🦊 Agentic Doc Search RAG

An intelligent document search system powered by Agentic RAG — it doesn't just retrieve, it thinks before answering.

📸 Screenshots

Accurate Policy Answer	Out-of-Scope Rejection

MCP Inspector Validation

💡 What is this?

Most RAG systems follow a simple pattern: take a user's question, fetch some documents, and generate an answer. The problem? They always answer — even when the retrieved documents have nothing to do with the question. This leads to hallucinations that look convincing but are completely wrong.

I built this project to tackle that exact issue. Instead of a basic retrieve-and-generate pipeline, this system uses an agentic approach — it evaluates whether the retrieved documents are actually relevant before deciding to answer. If they're not relevant, it says so honestly instead of making something up.

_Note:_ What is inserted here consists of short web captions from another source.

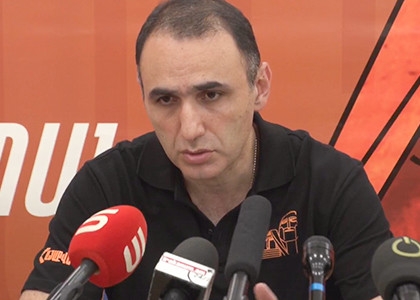 Чалабян: К иницитативе «Айакве» присоединились 54800 граждан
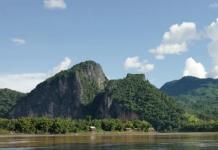 Question: Why can the Mekong River be called the Danube of Asia?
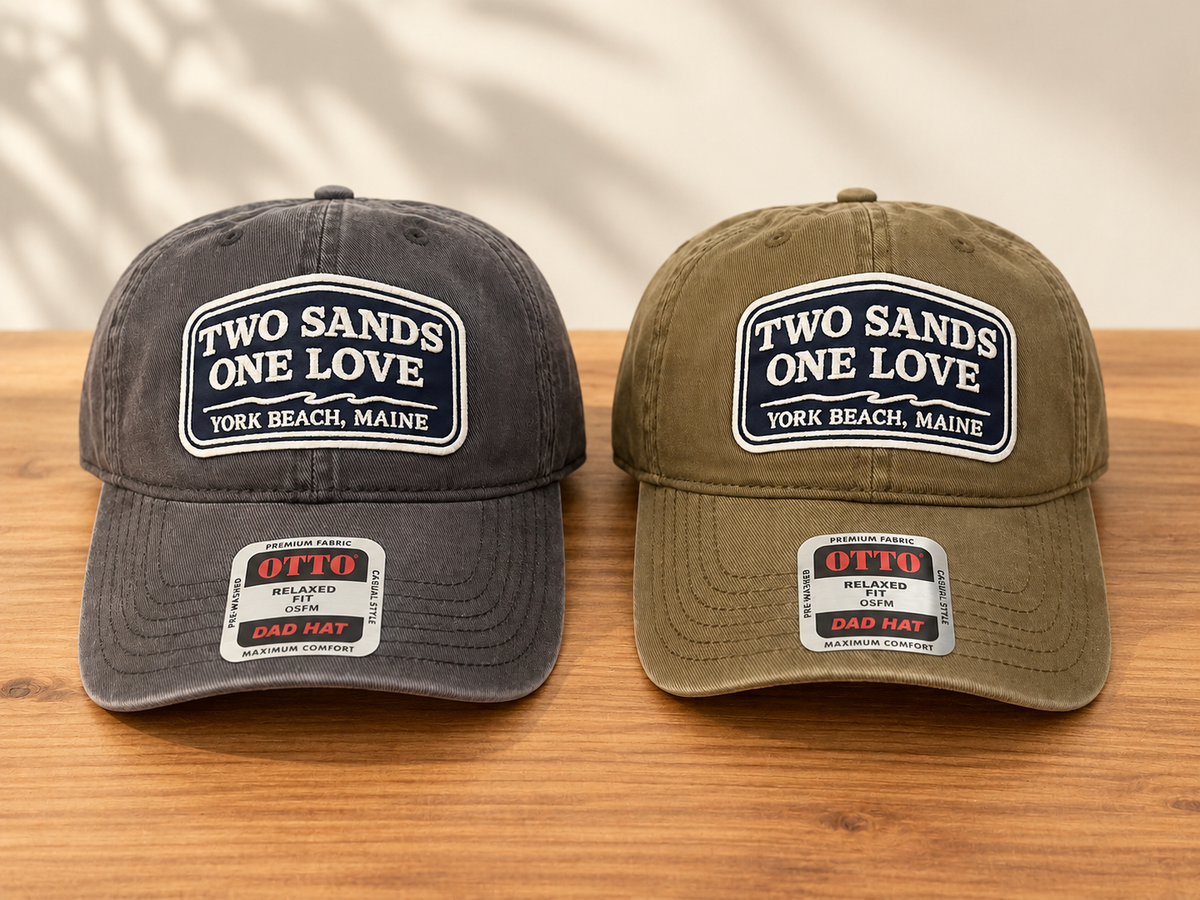Weekender Hat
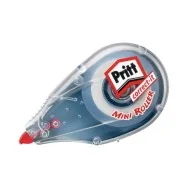 Correttore a Nastro Pritt Mini - 4,2 mm x 6 m - 2050964 (Conf. 10)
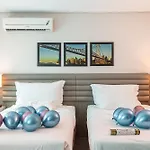 Blue Tree Premium Florianopolis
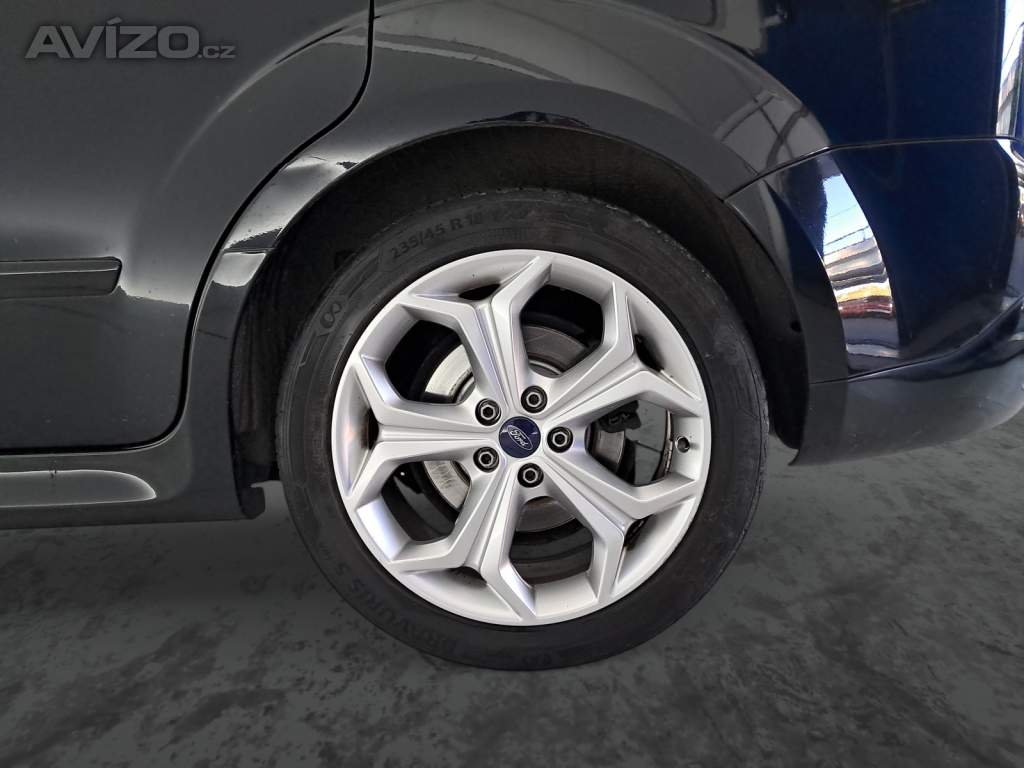 Foto inzerátu Ford S-Max 2.0 TDCi
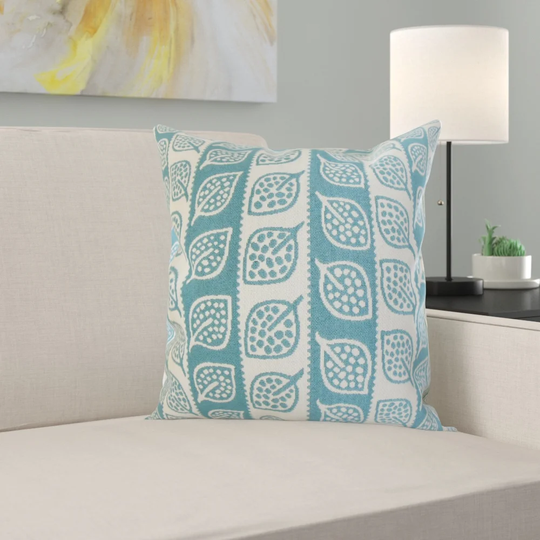 Lapidge Cushion Cover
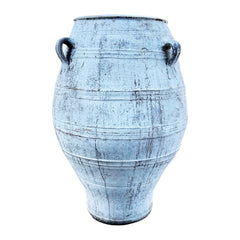 VINTAGE GREEK VESSEL #386
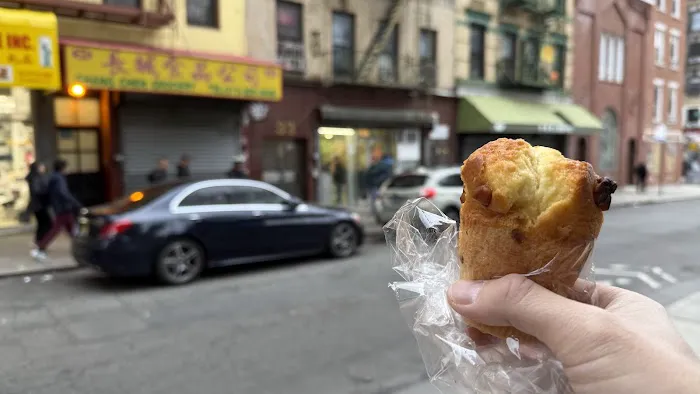 Great Taste Bakery Picture 8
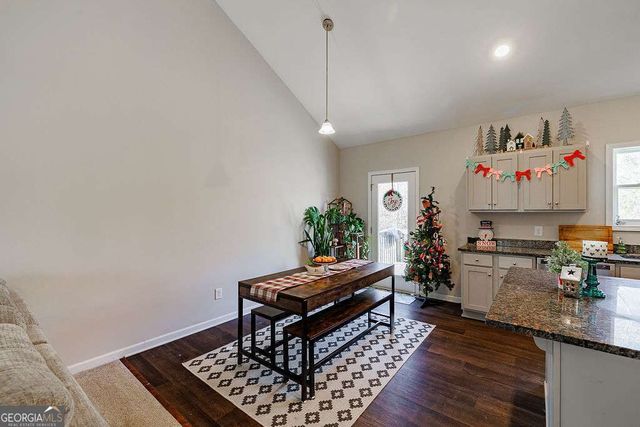 141 Misty Grove Lane, Eatonton, GA 31024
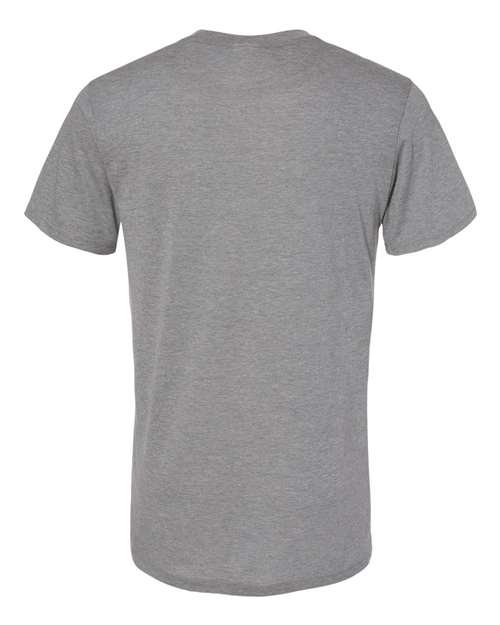 Unisex Triblend T-Shirt - Image 9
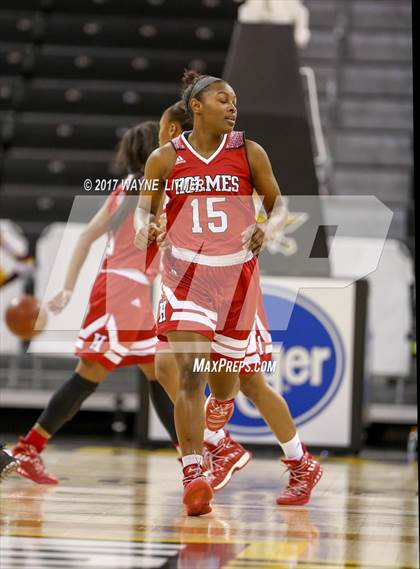Thumbnail 2 in Holmes vs Cooper  (Ninth Region) photogallery.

The knowledge base I'm using here is a set of 6 GitLab Security & Technology Policy documents (Access Management, Audit Logging, Change Management, Penetration Testing, SDLC, and Policy Governance).

🧠 How it Works

The whole system is built as a LangGraph state graph with 4 nodes that work together:

  User asks a question
          │
          ▼
    ┌───────────┐
    │  Retrieve  │   → Searches ChromaDB for the top-6 most relevant chunks
    └─────┬─────┘
          │
          ▼
  ┌───────────────┐
  │  Grade Docs   │   → LLM checks: "Are these documents actually relevant?"
  └───────┬───────┘
          │
     ┌────┴────┐
     │         │
  Relevant   Not Relevant
     │         │
     ▼         ▼
 ┌────────┐  ┌──────────┐
 │Generate│  │ No Answer │  → Politely declines instead of hallucinating
 └────┬───┘  └─────┬────┘
      │            │
      └─────┬──────┘
            ▼
          Done

Auto-generated Graph from LangGraph

Generated using graph.get_graph().draw_mermaid_png() — this is the real compiled graph, not a hand-drawn diagram.

⚙️ Key Technical Choices

Here are some of the decisions I made while building this and why:

What	Choice	Reasoning
Framework	LangGraph StateGraph	Needed conditional branching — a regular LangChain chain can't skip nodes or route dynamically
Relevance Check	Separate LLM grading step	The grading happens before generation, so irrelevant docs never make it to the answer step
Grading Format	Plain yes/no text	Llama 3.1 8B doesn't handle structured JSON output reliably, simple text works consistently
When docs aren't relevant	Dedicated `no_answer` node	Instead of looping or retrying, it gives an honest "I don't know" — prevents hallucination
How citations work	Each chunk gets a `[Source: Policy \| File:]` header	The LLM sees the source info right in its context, so it always knows where facts come from
Search strategy	Cosine similarity (not MMR)	MMR was pulling in chunks from unrelated policies for diversity — pure similarity is more accurate here
Conversation memory	LangGraph MemorySaver	Keeps chat history per session using `thread_id` — supports multi-turn conversations
Embeddings	`all-MiniLM-L6-v2` (local)	Runs offline, no API costs, no rate limits — good enough for this corpus size
LLM	Groq Llama 3.1 8B Instant	Sub-second responses, free tier works for development
MCP Integration	FastMCP server	Makes the RAG pipeline callable by external AI agents like Claude Desktop or VS Code Copilot

🔧 Implementation Details

Data Ingestion

Policy documents (.md files) go through this pipeline:

Load — UnstructuredMarkdownLoader reads each file while preserving its structure
Clean — Strip out markdown formatting artifacts and extra whitespace
Split — RecursiveCharacterTextSplitter with chunk_size=800 and overlap=150 so information at chunk boundaries isn't lost
Tag — Each chunk gets metadata like { "policy_title": "Audit Logging Policy", "filename": "audit-logging-policy.md" }
Store — Chunks are embedded using all-MiniLM-L6-v2 and saved to ChromaDB

Agent State

All nodes share a typed state:

class AgentState(TypedDict):
    messages:      Annotated[list[AnyMessage], add_messages]
    documents:     Optional[list[Document]]
    doc_metadata:  Optional[list[dict]]
    next_action:   Optional[Literal["generate", "no_answer"]]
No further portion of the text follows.